**Aim of the exercise:**
Below are records with pictures in them. Output exactly the lines from the one with "A horizontal shot" through the one with "Mini Spray Cooling", both included, and leave every picture out; give only those lines.

**Source records:**
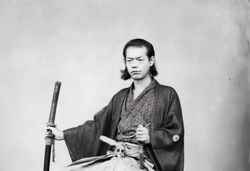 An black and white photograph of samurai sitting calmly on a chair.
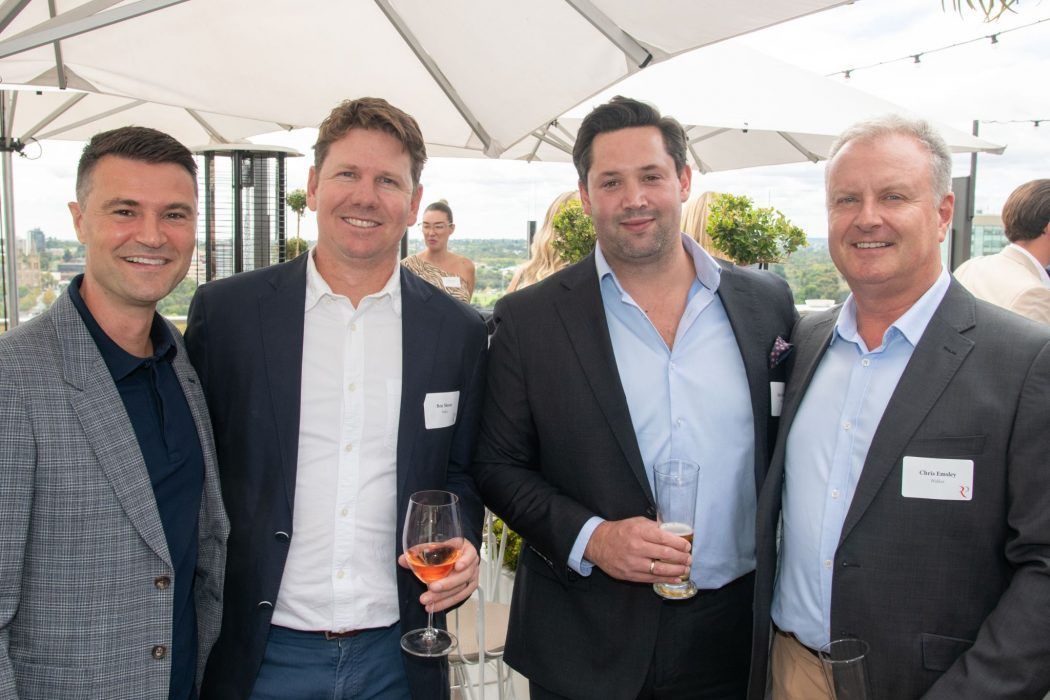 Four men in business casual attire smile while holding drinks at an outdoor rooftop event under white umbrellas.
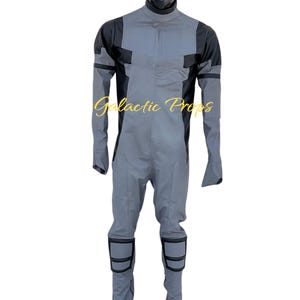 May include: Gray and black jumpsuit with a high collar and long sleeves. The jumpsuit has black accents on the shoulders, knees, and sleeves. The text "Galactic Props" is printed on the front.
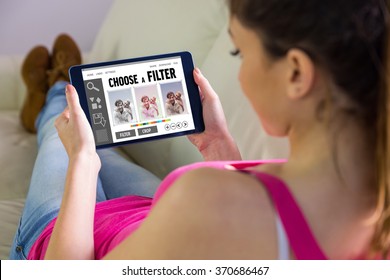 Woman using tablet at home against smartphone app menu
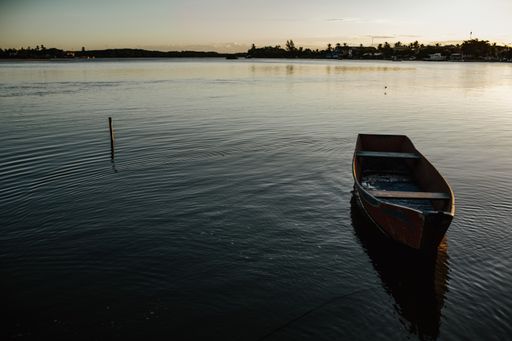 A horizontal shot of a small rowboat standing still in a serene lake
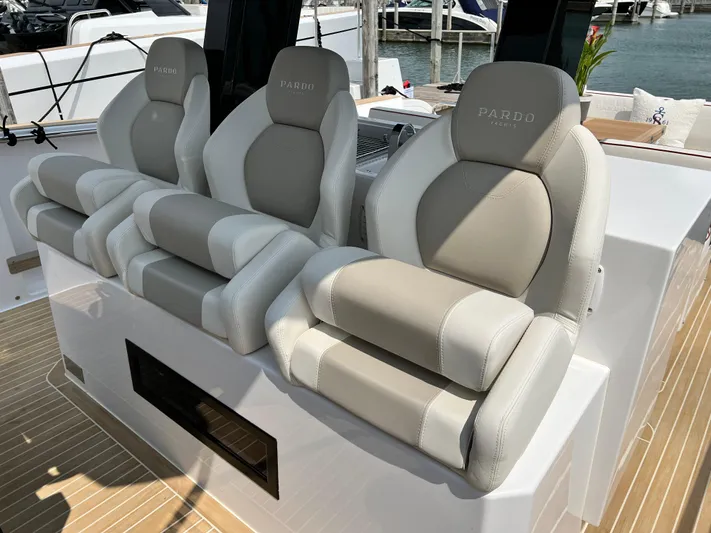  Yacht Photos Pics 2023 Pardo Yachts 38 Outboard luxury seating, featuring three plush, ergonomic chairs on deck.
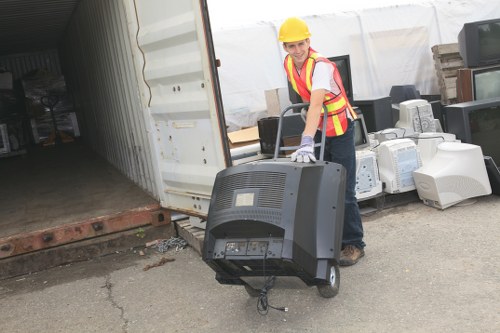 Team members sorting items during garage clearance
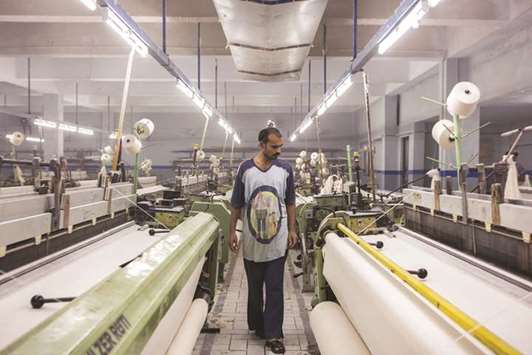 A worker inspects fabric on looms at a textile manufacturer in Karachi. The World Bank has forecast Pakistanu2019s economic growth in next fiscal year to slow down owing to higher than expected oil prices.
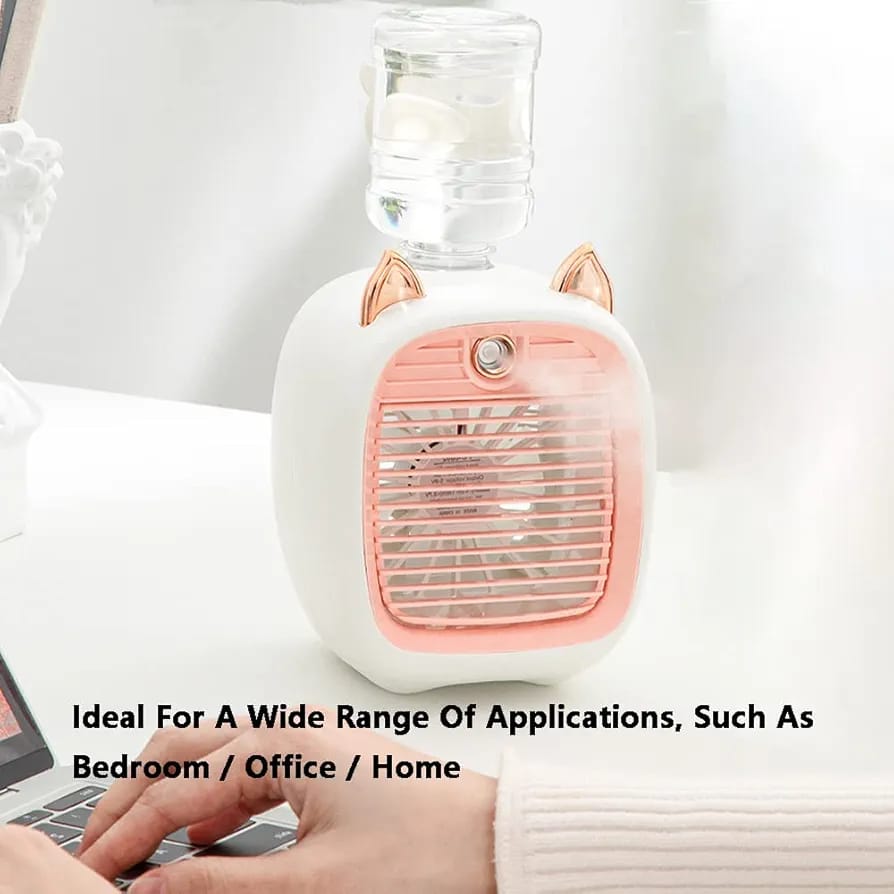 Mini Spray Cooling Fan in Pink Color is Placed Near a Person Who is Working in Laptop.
* * *
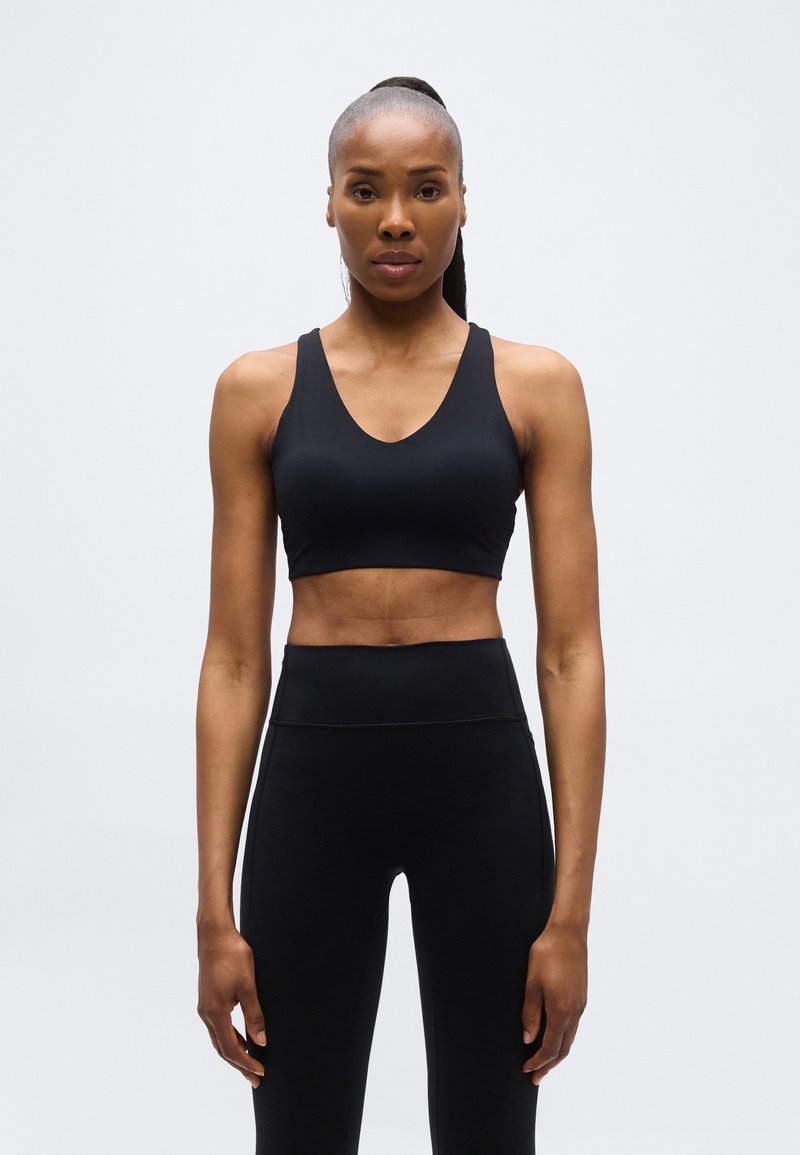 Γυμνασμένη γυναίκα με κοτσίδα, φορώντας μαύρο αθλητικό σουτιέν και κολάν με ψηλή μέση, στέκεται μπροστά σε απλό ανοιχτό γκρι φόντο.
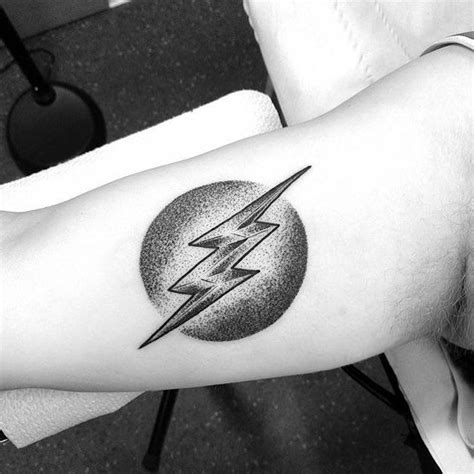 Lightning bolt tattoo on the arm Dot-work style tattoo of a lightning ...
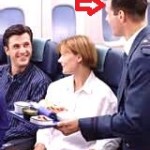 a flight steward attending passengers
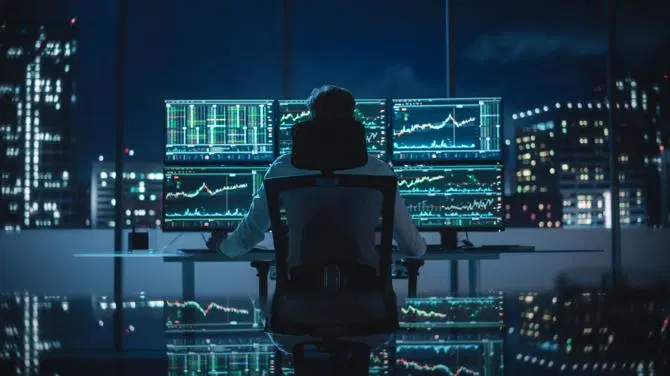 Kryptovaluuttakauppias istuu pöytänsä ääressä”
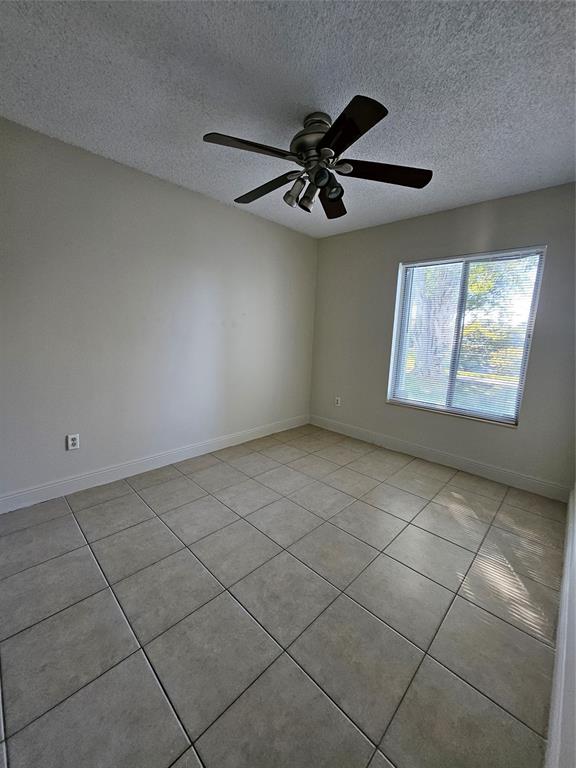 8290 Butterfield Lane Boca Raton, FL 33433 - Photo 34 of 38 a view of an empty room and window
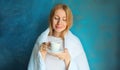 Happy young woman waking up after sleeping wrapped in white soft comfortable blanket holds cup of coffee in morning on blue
==
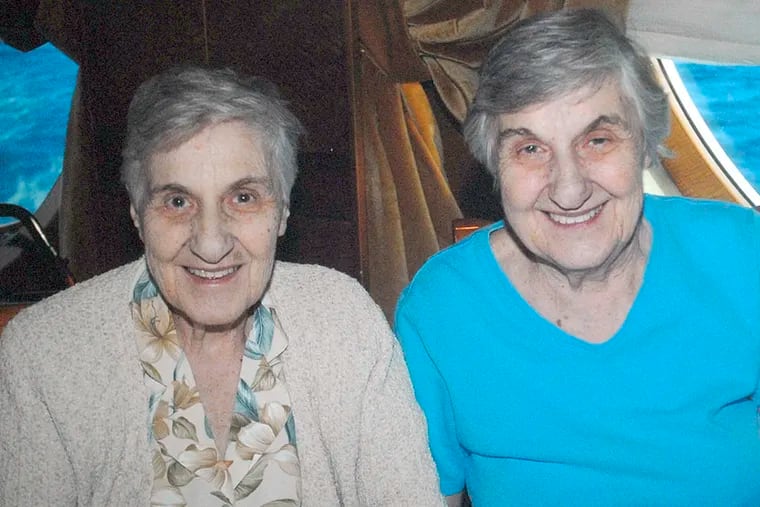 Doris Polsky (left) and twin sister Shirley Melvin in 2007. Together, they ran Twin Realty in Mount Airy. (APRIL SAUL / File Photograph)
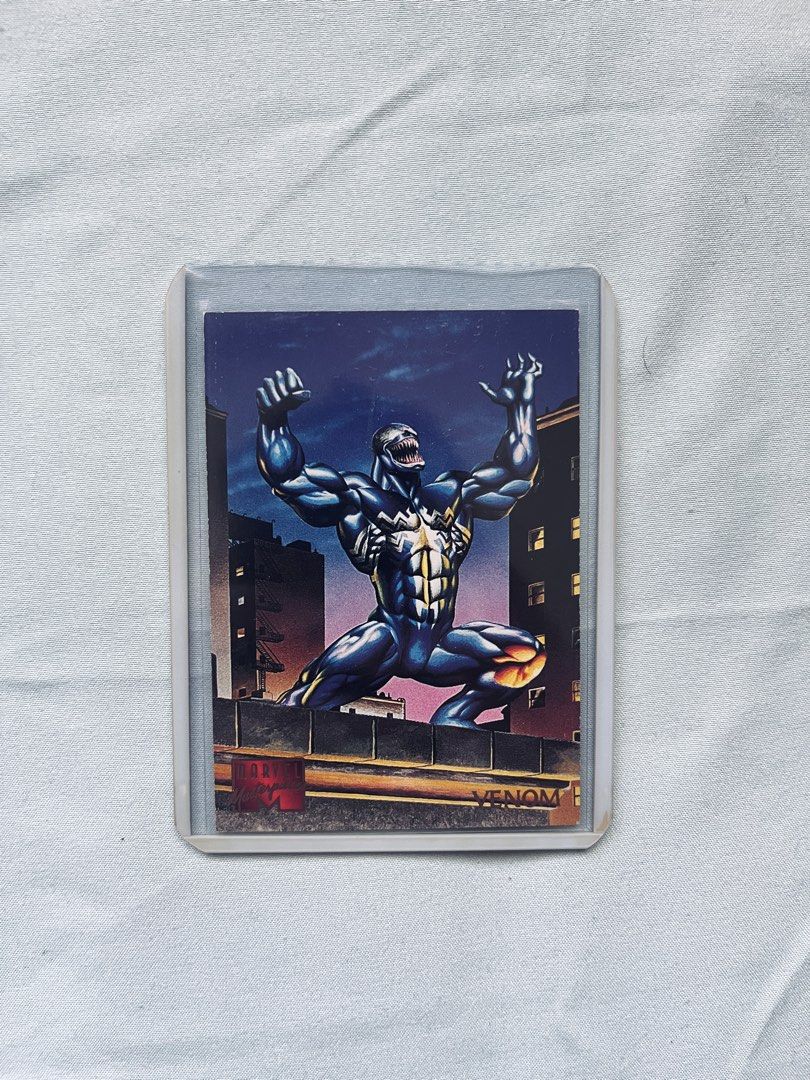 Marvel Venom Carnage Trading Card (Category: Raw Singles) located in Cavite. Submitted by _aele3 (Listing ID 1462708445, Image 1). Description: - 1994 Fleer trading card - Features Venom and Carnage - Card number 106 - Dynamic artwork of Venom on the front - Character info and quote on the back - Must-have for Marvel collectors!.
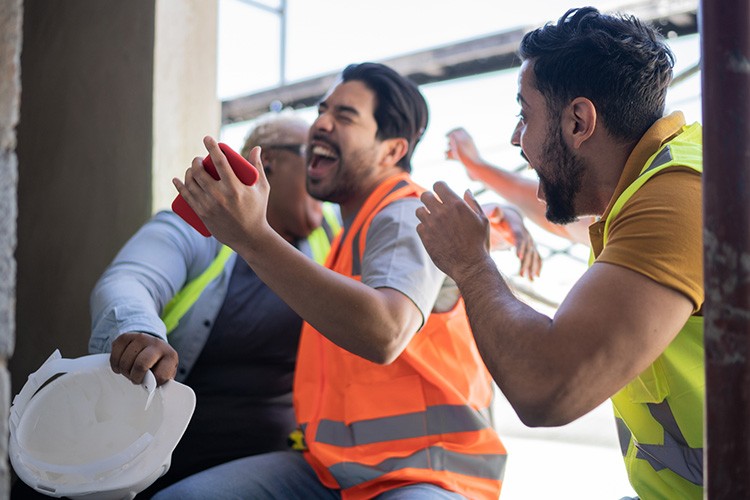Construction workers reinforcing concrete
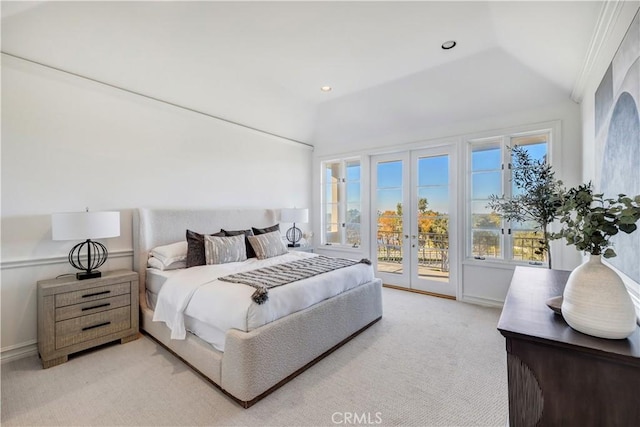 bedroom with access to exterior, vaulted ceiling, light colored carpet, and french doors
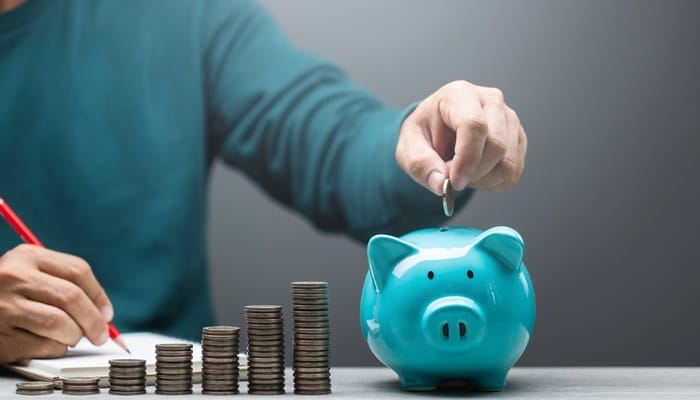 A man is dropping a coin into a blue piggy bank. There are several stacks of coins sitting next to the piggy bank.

**Answer to this exercise:**
 A horizontal shot of a small rowboat standing still in a serene lake
  Yacht Photos Pics 2023 Pardo Yachts 38 Outboard luxury seating, featuring three plush, ergonomic chairs on deck.
 Team members sorting items during garage clearance
 A worker inspects fabric on looms at a textile manufacturer in Karachi. The World Bank has forecast Pakistanu2019s economic growth in next fiscal year to slow down owing to higher than expected oil prices.
 Mini Spray Cooling Fan in Pink Color is Placed Near a Person Who is Working in Laptop.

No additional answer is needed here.